Researchers at Tufts University School of Medicine published a study in 1999 evaluating the efficacy of controlled release (CR) oxycodone following outpatient ACL reconstruction. All patients received a standard general anesthetic and postoperative analgesic regimen with one of three oxycodone dosing regimens: 10 mg every four hours as needed, 10 mg every four hours, or 20 mg CR oxycodone every 12 hours.

At 24, 36, 48, 60 and 72 hours, patients in the CR group had less pain and were more alert. Over the 72-hour period, patients in the CR group consumed less oxycodone (P<.0001), had less sleep disturbance (P<.0001), were more satisfied (P<.0001) and experienced less vomiting (P<.02) than patients in the other two groups.

Miller said several principles have been developed for effective pain management using opioid therapy:

  • Treat persistent pain with around-the-clock scheduled administration of long-acting agents.
  • Treat breakthrough pain with short-acting agents as rescue therapy.
  • Titrate dose to achieve the maximum desired level of pain relief.
  • Use the least invasive route of administration (oral) first.
  • Prophylax against and/or treat opioid-induced side effects.

photo
This image shows catheter placement for a femoral nerve block for ACL reconstruction.

COURTESY OF MARK D. MILLER

Despite the best efforts of physicians, injuries treated operatively or nonoperatively can result in a complex regional pain syndrome (CRPS). According to Kenneth E. DeHaven, MD, paying attention to what patients are saying and putting the pieces of the puzzle together are crucial.

“I think the key is to have an index of suspicion and to pick up on the fact that there is pain and disability that is way out of proportion to the injury. Then you need to get them to people that can make a specific diagnosis,” said DeHaven, associate chair of the department of orthopedics at the University of Rochester Medical Center. DeHaven chaired the instructional course on pain management and sports medicine at the AOSSM meeting.

CRPS has a high frequency of resolving spontaneously by one year, and appropriate treatment in the first six months appears to shorten recovery time. But there can still be a 10% to 20% incidence of chronic pain that is difficult to treat and can persist for years.
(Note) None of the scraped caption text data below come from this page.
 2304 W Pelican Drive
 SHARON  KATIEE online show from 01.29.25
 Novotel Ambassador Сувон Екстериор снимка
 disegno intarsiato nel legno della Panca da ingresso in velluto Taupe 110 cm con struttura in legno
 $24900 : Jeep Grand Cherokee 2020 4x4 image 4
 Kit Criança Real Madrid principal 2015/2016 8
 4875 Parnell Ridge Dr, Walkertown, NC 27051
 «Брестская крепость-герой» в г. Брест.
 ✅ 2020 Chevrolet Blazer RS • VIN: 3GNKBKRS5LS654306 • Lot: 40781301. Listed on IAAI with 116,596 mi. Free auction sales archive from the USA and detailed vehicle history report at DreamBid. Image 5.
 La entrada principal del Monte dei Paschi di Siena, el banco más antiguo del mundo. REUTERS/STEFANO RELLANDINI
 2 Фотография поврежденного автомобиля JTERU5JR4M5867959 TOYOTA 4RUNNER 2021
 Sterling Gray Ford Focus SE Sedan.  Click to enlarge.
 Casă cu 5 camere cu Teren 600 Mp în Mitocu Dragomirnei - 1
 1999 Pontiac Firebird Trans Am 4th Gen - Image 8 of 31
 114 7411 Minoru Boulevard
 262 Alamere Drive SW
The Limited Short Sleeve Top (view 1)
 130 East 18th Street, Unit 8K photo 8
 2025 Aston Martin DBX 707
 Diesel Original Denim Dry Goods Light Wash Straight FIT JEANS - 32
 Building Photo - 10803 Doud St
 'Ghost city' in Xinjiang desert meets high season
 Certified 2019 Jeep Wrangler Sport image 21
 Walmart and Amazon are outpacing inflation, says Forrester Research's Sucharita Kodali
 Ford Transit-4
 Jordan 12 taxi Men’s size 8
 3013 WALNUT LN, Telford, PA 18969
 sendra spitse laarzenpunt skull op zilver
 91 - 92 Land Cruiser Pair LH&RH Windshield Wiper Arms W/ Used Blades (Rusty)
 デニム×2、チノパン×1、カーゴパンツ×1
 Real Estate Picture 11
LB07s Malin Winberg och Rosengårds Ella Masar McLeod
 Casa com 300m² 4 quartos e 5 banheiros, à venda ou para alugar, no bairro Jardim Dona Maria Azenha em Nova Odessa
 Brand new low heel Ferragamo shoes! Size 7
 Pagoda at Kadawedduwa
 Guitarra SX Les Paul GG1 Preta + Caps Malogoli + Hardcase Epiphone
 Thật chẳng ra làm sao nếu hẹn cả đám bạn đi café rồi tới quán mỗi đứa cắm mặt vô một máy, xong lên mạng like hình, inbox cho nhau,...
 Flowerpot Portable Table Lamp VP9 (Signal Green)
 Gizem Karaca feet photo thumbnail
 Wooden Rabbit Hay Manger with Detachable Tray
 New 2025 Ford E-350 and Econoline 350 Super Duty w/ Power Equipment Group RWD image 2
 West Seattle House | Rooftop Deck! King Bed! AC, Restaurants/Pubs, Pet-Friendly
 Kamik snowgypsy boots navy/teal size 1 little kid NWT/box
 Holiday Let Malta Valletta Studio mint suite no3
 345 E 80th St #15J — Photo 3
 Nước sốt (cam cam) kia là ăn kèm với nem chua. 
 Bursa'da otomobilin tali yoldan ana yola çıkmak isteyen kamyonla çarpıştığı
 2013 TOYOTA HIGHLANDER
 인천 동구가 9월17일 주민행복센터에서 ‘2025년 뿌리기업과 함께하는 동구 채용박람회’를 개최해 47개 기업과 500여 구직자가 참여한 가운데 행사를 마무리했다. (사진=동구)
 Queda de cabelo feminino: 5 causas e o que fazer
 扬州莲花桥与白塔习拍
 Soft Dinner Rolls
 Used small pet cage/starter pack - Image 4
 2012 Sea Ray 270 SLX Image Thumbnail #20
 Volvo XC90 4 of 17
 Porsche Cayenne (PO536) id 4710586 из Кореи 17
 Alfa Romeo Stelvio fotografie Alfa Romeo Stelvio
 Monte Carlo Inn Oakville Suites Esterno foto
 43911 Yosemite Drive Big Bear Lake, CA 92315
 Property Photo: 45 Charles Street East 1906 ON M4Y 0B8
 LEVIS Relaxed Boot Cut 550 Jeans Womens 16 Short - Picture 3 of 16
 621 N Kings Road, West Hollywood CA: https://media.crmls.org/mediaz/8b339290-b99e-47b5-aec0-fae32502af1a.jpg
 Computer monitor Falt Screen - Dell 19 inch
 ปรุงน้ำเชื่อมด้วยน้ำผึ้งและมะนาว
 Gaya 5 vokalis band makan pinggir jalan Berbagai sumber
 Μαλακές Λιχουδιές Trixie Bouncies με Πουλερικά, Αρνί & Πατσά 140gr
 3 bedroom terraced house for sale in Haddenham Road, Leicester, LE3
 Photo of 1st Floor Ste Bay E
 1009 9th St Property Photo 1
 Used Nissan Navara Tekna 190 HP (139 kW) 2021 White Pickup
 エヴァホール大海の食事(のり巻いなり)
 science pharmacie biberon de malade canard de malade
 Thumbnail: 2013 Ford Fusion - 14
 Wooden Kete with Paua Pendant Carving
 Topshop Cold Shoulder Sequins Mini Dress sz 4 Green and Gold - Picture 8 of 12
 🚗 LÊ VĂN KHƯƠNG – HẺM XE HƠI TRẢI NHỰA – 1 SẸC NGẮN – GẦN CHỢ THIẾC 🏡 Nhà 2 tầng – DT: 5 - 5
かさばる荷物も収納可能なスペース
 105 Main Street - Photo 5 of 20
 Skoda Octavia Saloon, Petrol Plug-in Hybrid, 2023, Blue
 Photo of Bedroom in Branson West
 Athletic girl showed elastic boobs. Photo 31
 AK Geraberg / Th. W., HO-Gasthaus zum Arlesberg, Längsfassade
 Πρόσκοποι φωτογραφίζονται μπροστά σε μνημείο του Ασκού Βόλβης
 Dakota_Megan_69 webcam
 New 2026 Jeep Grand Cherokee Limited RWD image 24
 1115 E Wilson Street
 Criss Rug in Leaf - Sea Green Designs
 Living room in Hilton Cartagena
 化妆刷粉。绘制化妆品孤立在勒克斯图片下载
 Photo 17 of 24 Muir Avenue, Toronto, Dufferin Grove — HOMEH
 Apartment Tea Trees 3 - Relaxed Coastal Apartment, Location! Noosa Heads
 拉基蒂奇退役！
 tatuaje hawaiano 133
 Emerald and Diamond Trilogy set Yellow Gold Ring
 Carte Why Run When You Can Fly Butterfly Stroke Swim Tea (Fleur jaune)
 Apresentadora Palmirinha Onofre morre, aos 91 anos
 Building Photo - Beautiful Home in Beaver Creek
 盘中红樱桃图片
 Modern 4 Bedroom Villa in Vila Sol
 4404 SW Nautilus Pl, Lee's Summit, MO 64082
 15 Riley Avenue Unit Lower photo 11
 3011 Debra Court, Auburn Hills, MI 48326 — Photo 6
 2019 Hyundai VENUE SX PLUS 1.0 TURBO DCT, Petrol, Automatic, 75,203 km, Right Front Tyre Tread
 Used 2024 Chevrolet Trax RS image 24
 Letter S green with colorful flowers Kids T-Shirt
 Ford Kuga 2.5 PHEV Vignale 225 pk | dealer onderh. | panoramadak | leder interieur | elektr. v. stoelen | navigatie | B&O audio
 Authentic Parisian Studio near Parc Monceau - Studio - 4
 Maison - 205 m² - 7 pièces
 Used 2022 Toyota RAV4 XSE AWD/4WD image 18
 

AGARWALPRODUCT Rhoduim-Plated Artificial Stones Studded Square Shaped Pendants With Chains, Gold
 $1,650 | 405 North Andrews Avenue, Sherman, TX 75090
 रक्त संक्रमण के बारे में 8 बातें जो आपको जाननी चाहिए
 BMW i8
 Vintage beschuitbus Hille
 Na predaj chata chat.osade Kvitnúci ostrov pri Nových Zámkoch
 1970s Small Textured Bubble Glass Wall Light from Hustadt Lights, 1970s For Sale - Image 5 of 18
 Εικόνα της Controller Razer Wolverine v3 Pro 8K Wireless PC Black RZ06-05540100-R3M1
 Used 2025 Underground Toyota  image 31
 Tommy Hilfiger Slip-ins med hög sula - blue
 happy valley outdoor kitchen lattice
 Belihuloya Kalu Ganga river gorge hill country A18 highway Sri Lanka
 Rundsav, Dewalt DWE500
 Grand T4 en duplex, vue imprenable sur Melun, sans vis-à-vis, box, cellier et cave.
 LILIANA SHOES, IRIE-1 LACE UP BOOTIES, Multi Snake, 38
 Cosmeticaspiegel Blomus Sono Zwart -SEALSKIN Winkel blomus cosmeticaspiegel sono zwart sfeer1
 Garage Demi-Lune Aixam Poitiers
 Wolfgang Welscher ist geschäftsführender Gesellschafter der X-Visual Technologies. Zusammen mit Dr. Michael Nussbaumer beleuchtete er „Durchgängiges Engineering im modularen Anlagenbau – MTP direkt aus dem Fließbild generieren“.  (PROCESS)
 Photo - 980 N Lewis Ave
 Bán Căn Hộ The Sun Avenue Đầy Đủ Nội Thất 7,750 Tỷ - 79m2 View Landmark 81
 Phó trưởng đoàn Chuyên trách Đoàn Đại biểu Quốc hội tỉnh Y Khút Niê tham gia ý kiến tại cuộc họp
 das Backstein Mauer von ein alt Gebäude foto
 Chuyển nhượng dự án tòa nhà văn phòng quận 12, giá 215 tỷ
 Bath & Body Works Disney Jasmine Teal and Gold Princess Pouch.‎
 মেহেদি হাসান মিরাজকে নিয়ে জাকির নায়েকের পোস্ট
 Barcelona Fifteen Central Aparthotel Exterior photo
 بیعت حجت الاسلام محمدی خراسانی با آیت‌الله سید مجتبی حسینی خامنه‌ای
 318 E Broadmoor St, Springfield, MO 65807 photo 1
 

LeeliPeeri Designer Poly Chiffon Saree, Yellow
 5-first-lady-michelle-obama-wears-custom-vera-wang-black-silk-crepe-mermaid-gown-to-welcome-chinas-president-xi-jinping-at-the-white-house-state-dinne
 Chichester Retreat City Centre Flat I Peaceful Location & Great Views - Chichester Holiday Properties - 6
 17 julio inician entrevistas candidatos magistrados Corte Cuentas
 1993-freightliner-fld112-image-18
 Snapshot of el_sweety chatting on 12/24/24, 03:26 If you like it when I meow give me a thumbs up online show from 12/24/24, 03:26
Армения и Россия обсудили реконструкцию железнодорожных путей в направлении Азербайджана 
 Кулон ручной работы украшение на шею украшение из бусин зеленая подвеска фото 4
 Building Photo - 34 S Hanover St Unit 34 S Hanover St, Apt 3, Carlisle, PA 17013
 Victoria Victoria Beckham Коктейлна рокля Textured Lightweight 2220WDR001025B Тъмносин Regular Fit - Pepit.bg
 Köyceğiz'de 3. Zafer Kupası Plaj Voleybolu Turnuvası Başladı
DeHaven has learned “the hard way” that while many CRPS patients have pathologies that warrant treatment, surgical intervention will usually exacerbate their condition rather than improving it. “Our pain folks like to see them first, evaluate them and get them under maximal control before we do the intervention.”

While treating CRPS patients can be difficult, it can also be rewarding, DeHaven said. “These are among the most grateful patients that I see because someone has finally recognized this problem. Typically, they’ve been from pillar to post and nobody has picked up on the fact that the pain problem has been just as important, if not more important, than the musculoskeletal problem.”